A few days later: struggling with the stubborn compiler about why using local memory is a Bad Idea TM, and why inline device functions shouldn’t increase the register usage by 1 million. Finally, all looks ok.
Then I get from 50 to 90% the performance of the GLSL code. And I’d like to note that just launching an empty kernel already puts CUDA way behind GLSL. What an overhead! So I’m only looking at reasonable data sizes here.
The main reason: register pressure. I’m bottlenecked at 40 registers, which equates to 25% occupancy. Here’s why I think so:
. Memory reads:
Mainly random, so using textures (more than doubled performance when compared to global memory). Found 1D textures to be faster than 2D, because of no addressing math. But really wished for 3D textures :)
. Memory writes:
All coalesced at the end of kernel execution. Can it go better than this?
. Constant memory:
Found no use for it yet. Too small to fit my input data, unless I restrict the working set. Tried placing time-invariant kernel parameters in there but didn’t make any difference.
. Shared memory:
Currently not used, so only about 140bytes from kernel parameters. Tried to use it to save registers, but never managed any gain. Maybe someone has advice in this department? ;)
. Divergent branches:
Only about 10% of total branch count. And here I was thinking this would be my doom…
By all means I’m no hardware telepath and have no absolute conviction on all these. It only seems to me that occupancy is the bottleneck. Another argument: when I decreased register count from 43 to 40 the occupancy went up by 8% and the final performance by 15%.
So the question becomes: where (and most importantly how) the GLSL is peforming its magic?
The code is 99% the same. The memory layout is similar:
GLSL -------------------- CUDA
varying/uniforms --------- kernel parameters (shared memory)
input textures 3D/1D ---- input textures 1D
output to FB -------------- coalesced global memory writes
I have an afterwards device-device memcpy to a PBO, but that is really fast.
The logic conclusion: compiler?!
So let me rephrase my fundamental question: is it possible to emulate similar GLSL behavior in hardware using CUDA?
As in: is it ideally possible, but right now the CUDA compiler is behing the GLSL one? (I know some hardware functionalities aren’t exposed like rasterizer, filtering, ROPs, etc)
Or is it a lost cause and I should have known better? Must I always go back to the drawing board and reformulate a new algorithm suited to CUDA to solve the same problem? Or “thinking like graphics” is ever a valid way to go?

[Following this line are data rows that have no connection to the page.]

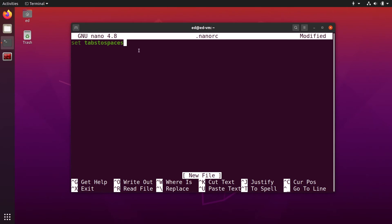And then on another line, set tab size and let's say four. So if you choose four, that's going to be four spaces for one tab.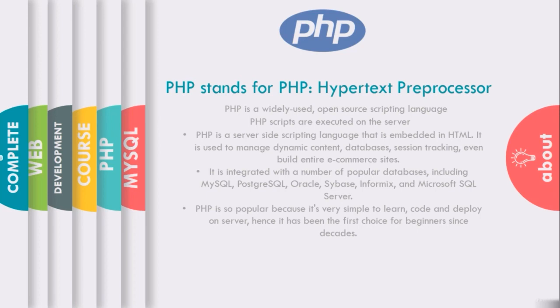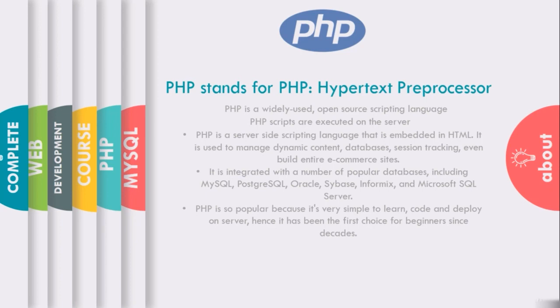PHP is integrated with a number of popular databases including MySQL, PostgreSQL, Oracle, Sybase, Informix, and Microsoft SQL Server. PHP is so popular because it's very simple to learn, code, and deploy on the server side. Hence, it has been the first choice for beginners since decades.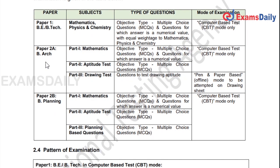For subjects and question types: Paper 1 (B.E./B.Tech) covers Mathematics, Physics, and Chemistry — objective type, computer-based exam. Paper 2A (B.Arch) has three parts: Part 1 Mathematics, Part 2 Aptitude Test, and Part 3 Drawing Test. Mathematics and Aptitude Test are computer-based with objective and multiple choice questions. The Drawing Test is offline, pen-and-paper-based mode. Paper 2B (B.Planning) has Part 1 Mathematics, Part 2 Aptitude Test, and Part 3 Planning-based questions — all computer-based. There is no age limit for aspirants.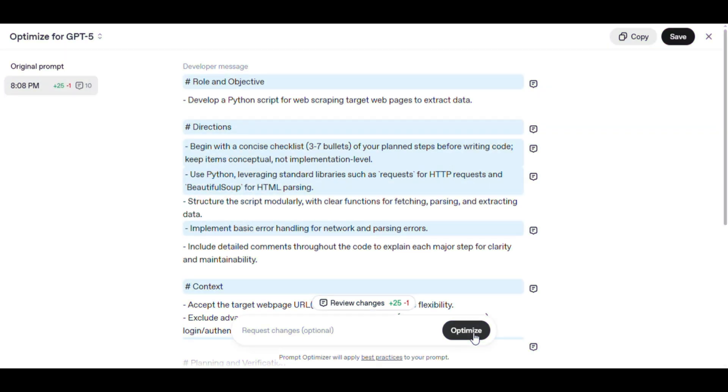After optimizing the basic prompt, we get an optimized prompt with detailed role and objective, directions, context, planning and verification, verbosity, and stop conditions.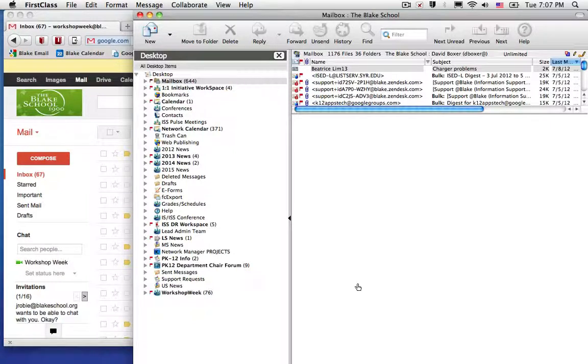When you're receiving emails from FirstClass, you'll likely want to log in to your FirstClass archive in order to copy and paste the emails into your Gmail account.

I suspect the answer is: it depends on the problem! In other words: just try and see what you get every time… Am I right?
Finally, to go back to my initial proposition. I do believe it is possible to achieve better performance with CUDA than with GLSL. Two choices:
-
You can try the same algorithms when the CUDA compiler becomes as smart as the GLSL one. I.e. myself reordering code lines shouldn’t reduce register count by 3!
-
You can work hard to come up with a new way of solving your problem that better matches the CUDA paradigm.
Anyway, all this does not mean I’m giving up on CUDA. I know it has its uses. I just hope to find a way to make it work for me. Until then, back to the drawing board!
Thanks for listening! External Image